ABOUT THIS TASK:
Restate the listing below word for word; no picture is to be carried over.

PROVIDED DATA:
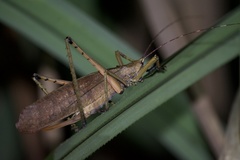 Segestidea queenslandica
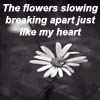 Bloemen Avatars 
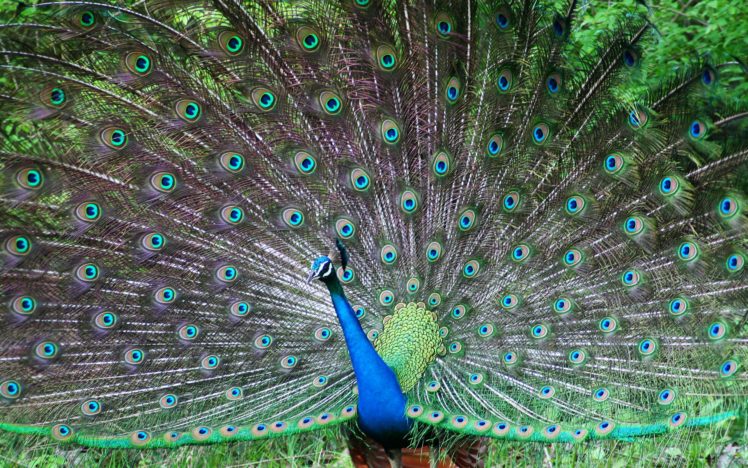 indian, Peafowl HD Wallpaper Desktop Background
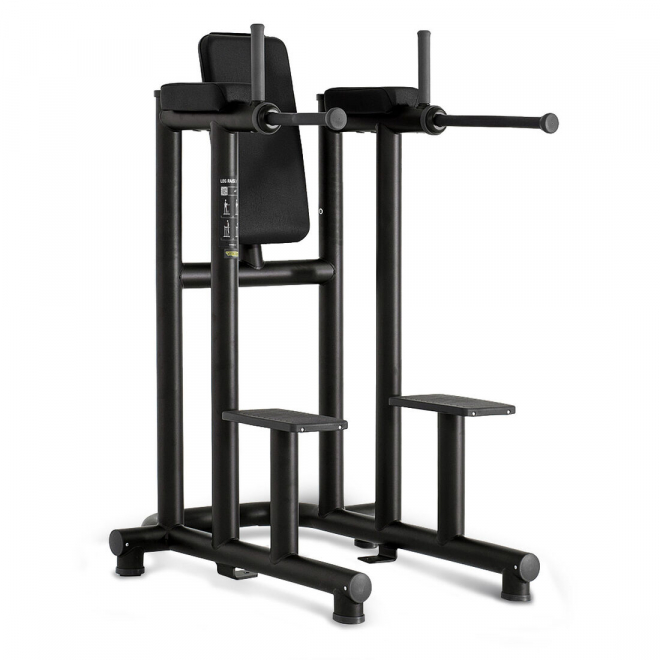 Стойка брусья/пресс TECHNOGYM Leg Raise Dip, фото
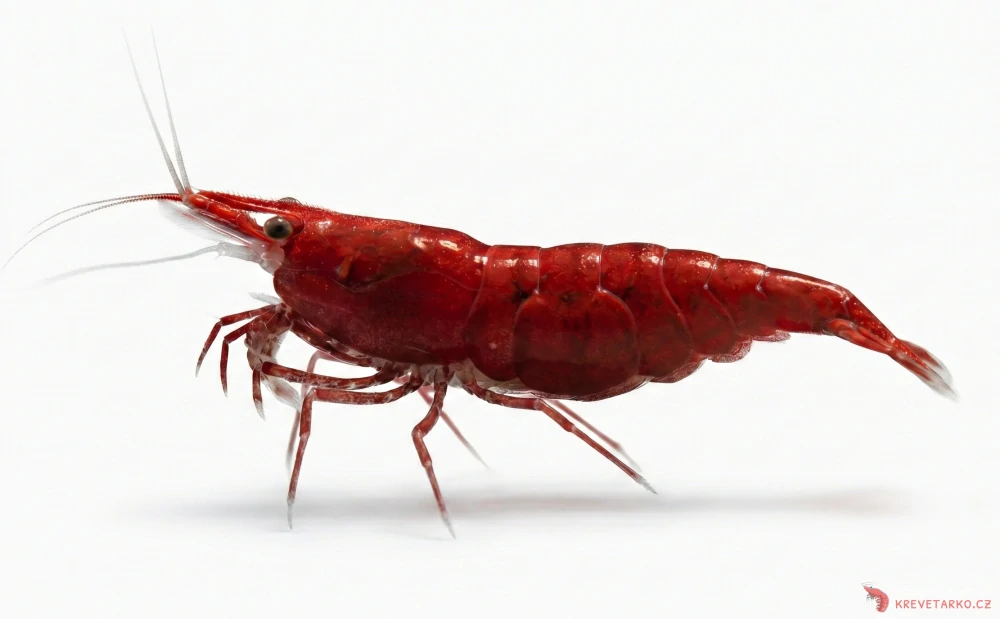 Neocaridina Davidi var. Blood Mary Dark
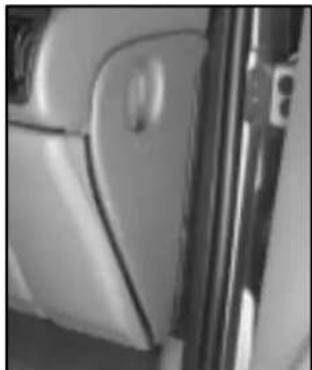 Close-up of a car door and side panel showing white leather trim and a circular button (no text or symbols visible)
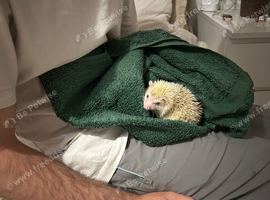 Pygmy hedgehog for sale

WRITTEN REPLY:
 Segestidea queenslandica
 Bloemen Avatars 
 indian, Peafowl HD Wallpaper Desktop Background
 Стойка брусья/пресс TECHNOGYM Leg Raise Dip, фото
 Neocaridina Davidi var. Blood Mary Dark
 Close-up of a car door and side panel showing white leather trim and a circular button (no text or symbols visible)
 Pygmy hedgehog for sale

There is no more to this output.